Among the data that may give some indication of how the economy is doing: Sales of generic toilet paper and cheap liquor, how new your underwear is, and how hot your waitress is, and how busy the fast-food drive-thru is at breakfast time. Also: passenger subway traffic near San Francisco’s Union Square, and perhaps even the asking prices for haircuts, concert tickets, and other goods posted for sale on Craigslist.

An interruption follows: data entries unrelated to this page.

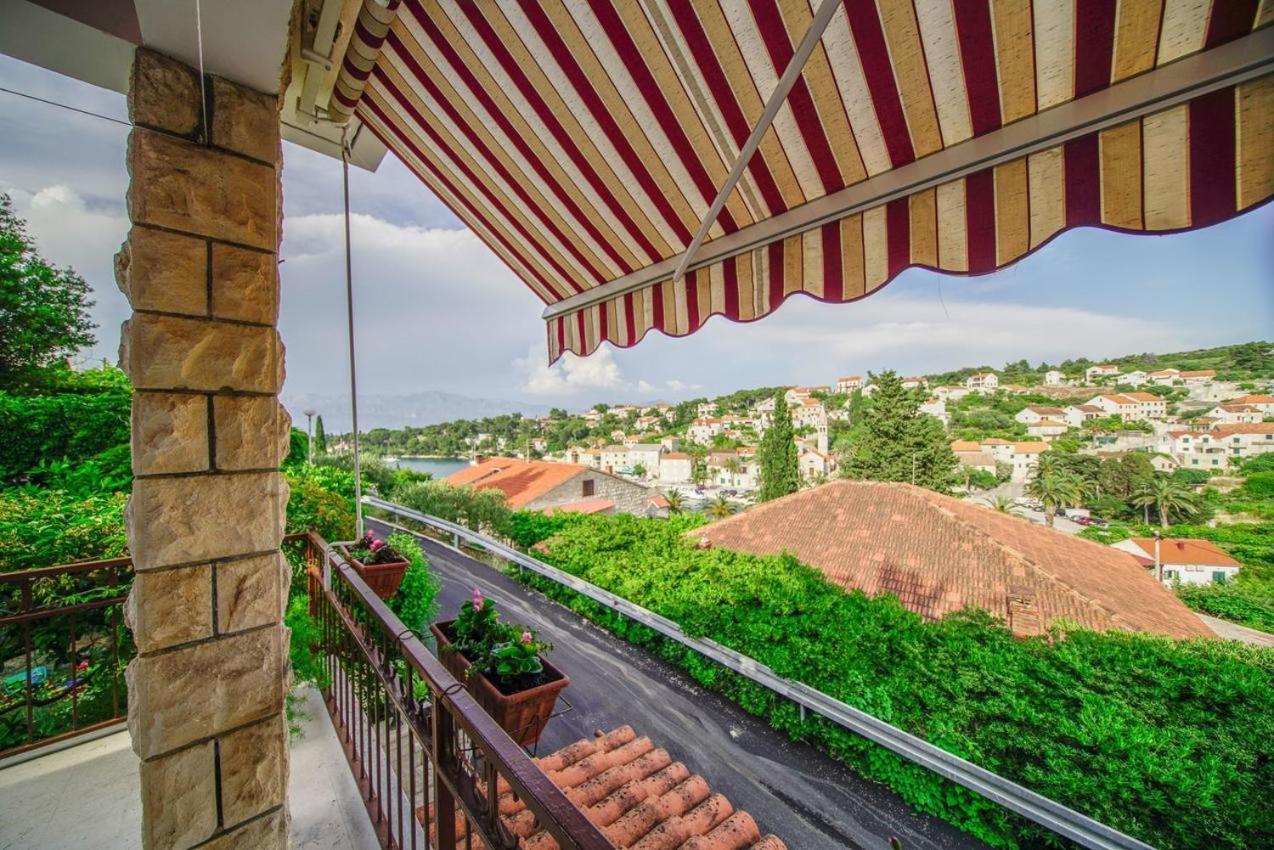 Apartman Mate Splitska Exteriér fotografie
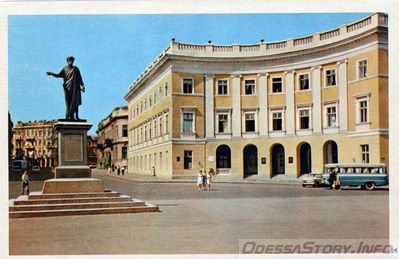 26_Pamyatnik_A_E_Rishele2C_byvshemu_v_1803-1813_gg_gradonachalnikom_Odessy.jpg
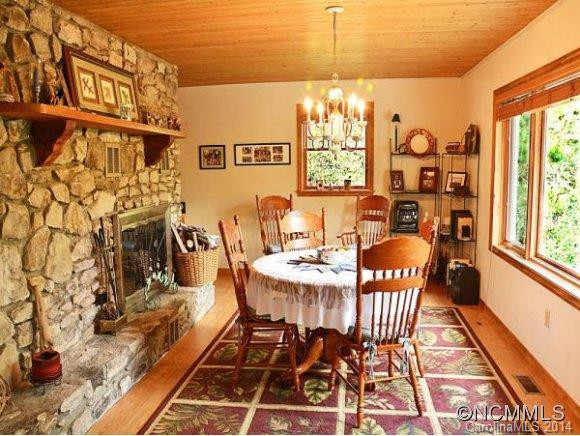 28 OCONALUFTEE COVE - Photo 8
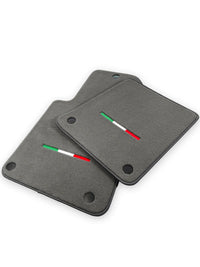 Graue Autofußmatten für Ferrari 612 Scaglietti 2005-2011 Italienische Edition - AutoWin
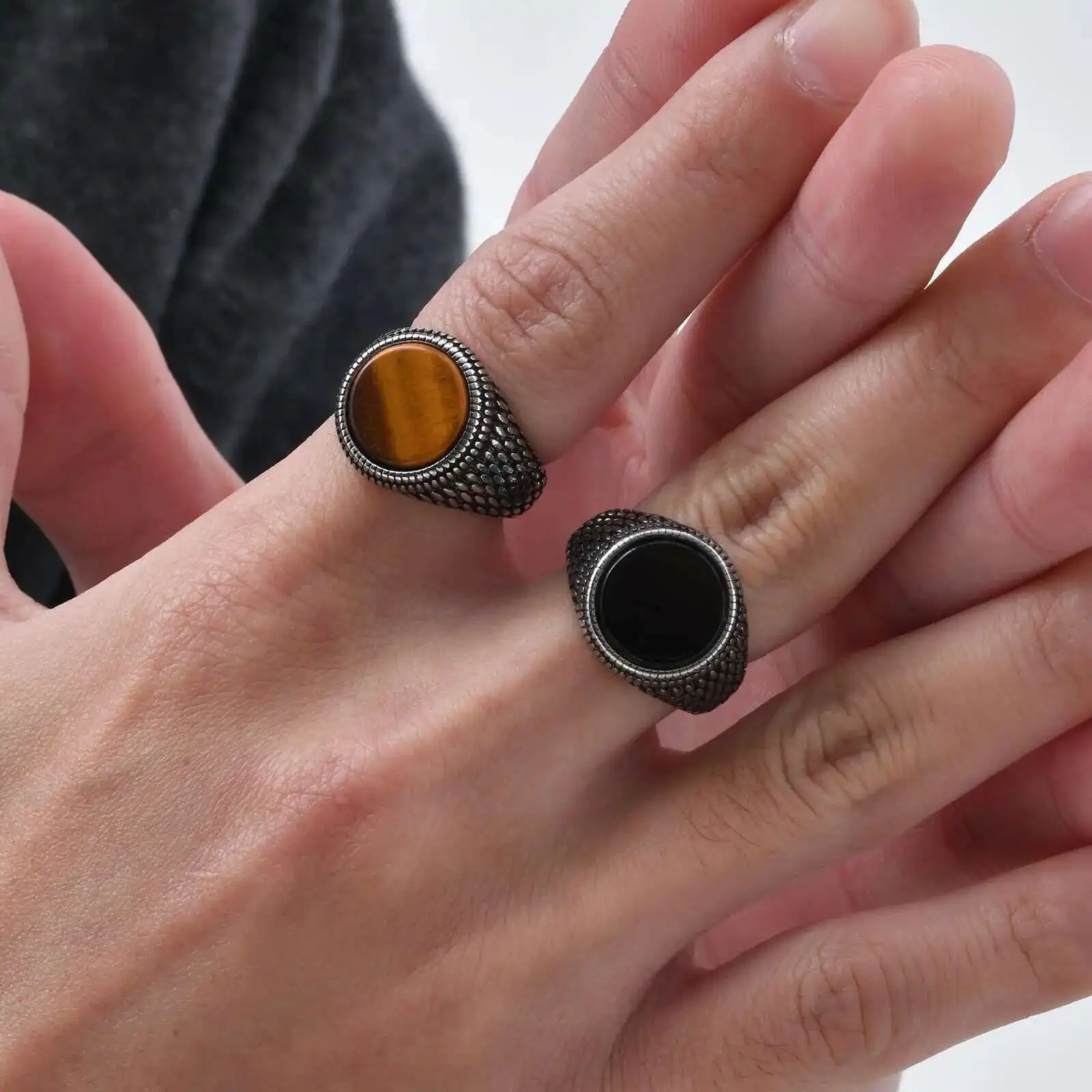 Prjewel Round Tiger Eye Stone Top Finger Band Black Gemstone Stainless Steel Stamp Ring Dragon Scales Textured Signet for Men - view 3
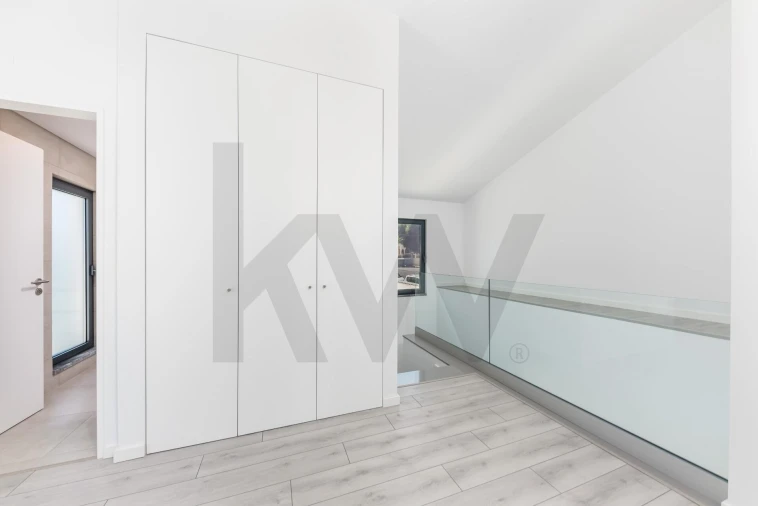 Moradia T3 para Venda em Pontinha e Famões Foto 18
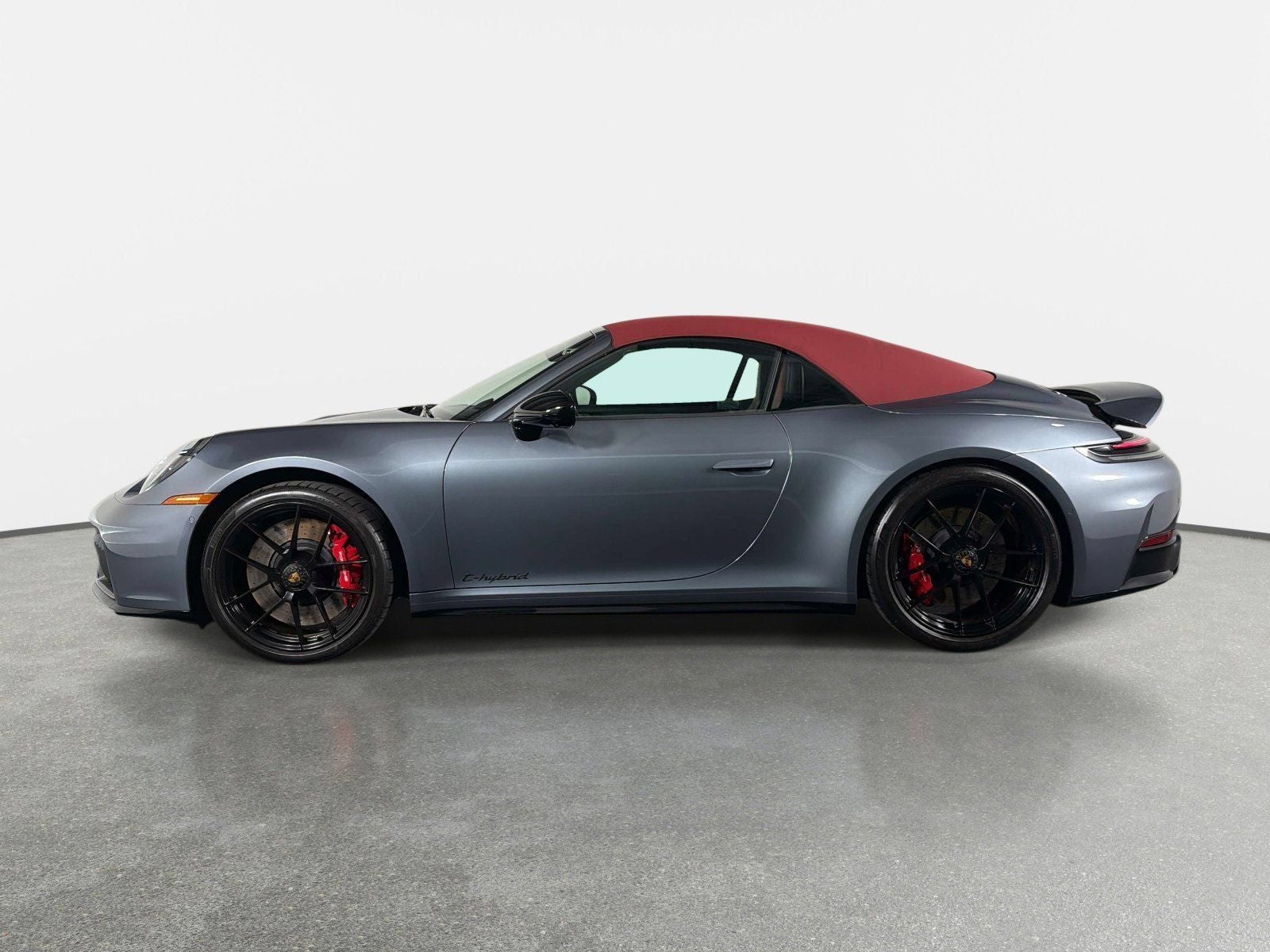 2026 Porsche 911 Carrera 4 GTS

Those latter examples come from a WSJ storyexploring different oddball data that economists are using to gauge how, say, a city’s sales tax revenues are doing:
Ted Egan, chief economist in the San Francisco Controller’s Office, said he could wait six months for California to release the detailed sales-tax data he needs for city revenue projections. But it’s quicker to look at passenger tallies from the station closest to the Union Square shopping district, which generates roughly 10% of the city’s sales-tax revenue. The Bay Area Rapid Transit District releases the data within three days, he said: “Why should I have to wait?”
Egan’s the one who is interested in tracking the going rates for goods on Craigslist:
Mr. Egan said he would like to build software to monitor Craigslist prices for furniture, concert tickets, haircuts and other goods and services to measure changes in local prices. The online classified-ads site, he said, would give a quicker and more detailed read than the bimonthly data from the Labor Department.
Now, if he could only create some software that would gauge the hotness of waitresses: That’d be good for economists trying to track the job market and the overall economy, not to mention good for business at the restaurants where those hot waitresses work.